Kriminetz: Weshalb hast du dich für die Veröffentlichung von »Andalusische Sonne« für ein offenes Pseudonym entschieden und wie kam es zu diesem Namen?

Diego Sánchez: Die Idee kam vom Verlag, konkret von meiner wunderbaren Lektorin Claudia Senghaas. Da ich noch mitten im Finish des ersten Entwurfs war, habe ich mir die Figur des gleichnamigen Nachwuchsfussballers und angehenden Schriftstellers ausgedacht, der vorgibt diesen Krimi zu schreiben - und der selbst »nur« Figur ist: von einem ganz anderen Autor erzählt und gestaltet. Ein Spiel mit Identitäten und Erzählebenen, bis sich der Leser/die Leserin zuletzt selbst ins eigene Leben entlässt.

Diego bedeutet der Weise, Gelehrte - und Sánchez ist in Spanien ein Allerweltsname. Ein schöner Kontrast für einen Amateurfussballer aus der zweiten Andalusischen Liga, der in einem winzigen Zimmer in Triana (einem Arbeiterviertel in Sevilla und gleichzeitig mutmaßlicher Geburtsort des Flamenco) an seinem ersten Krimi schreibt - und dann doch wieder nicht.

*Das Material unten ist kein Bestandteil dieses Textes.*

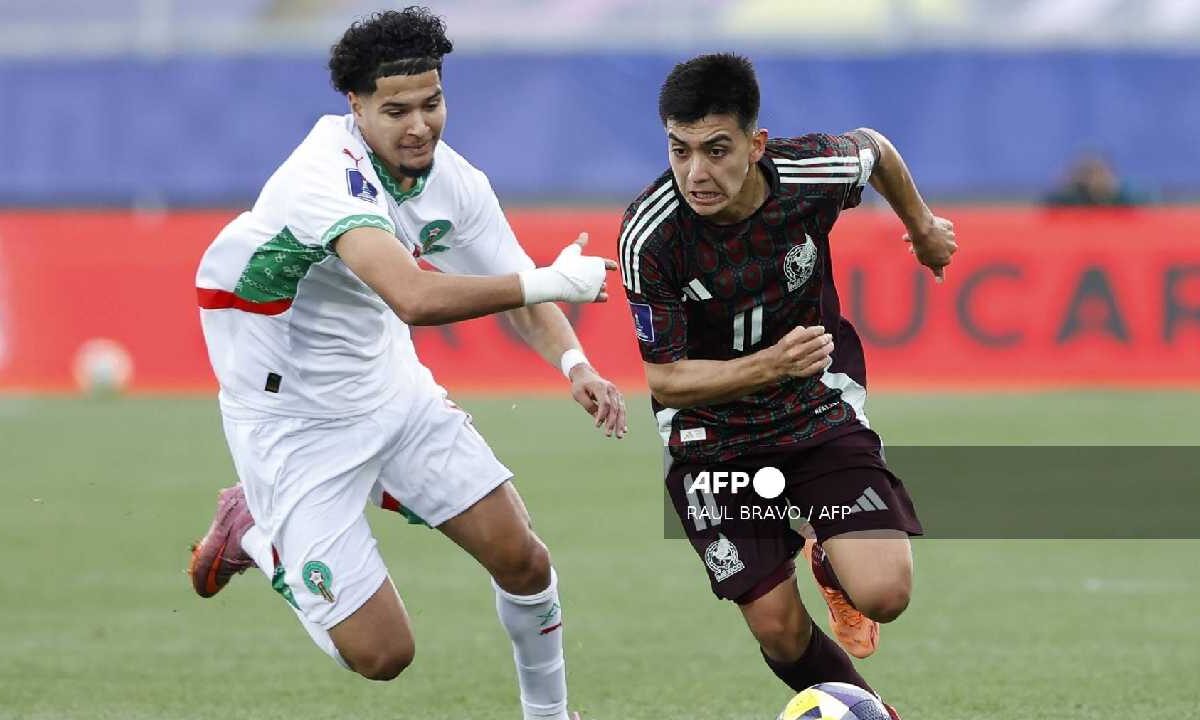 Gilberto Mora fuera.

Kriminetz: Was spricht dich selbst in Andalusien derart an, dass du es zum Schauplatz deines neuen Krimis gemacht hast?

Diego Sánchez: Dazu ein Zitat, das dem österreichischen Autor Alfred Polgar zugeschrieben wird: »Man kann einen Ort nur einmal sehen - beim nächsten Mal sieht man (nur) sich selbst.« Ich habe Andalusien erst einmal im Juni 24 besucht: Málaga - Gibraltar - Jerez - Sevilla - Córdoba - Granada. Während dieser Reise sind mir wieder die Gedichte von Federico Garcia Lorca (1898 - 1936) bewusst geworden, die ich als junger Mann sehr gemocht habe. Daher auch der Ausgangspunkt mit den drei jungen Wienern Daniel - Julia - Stevie. Mit ihnen taucht der Leser in eine Welt ein, die bizarr und surreal erscheint - und der Surrealismus geht auf drei große spanische Künstler zurück, die entweder in Andalusien geboren wurden (Lorca, Picasso) oder ganz starke Verbindungen dazu hatten (Dalí).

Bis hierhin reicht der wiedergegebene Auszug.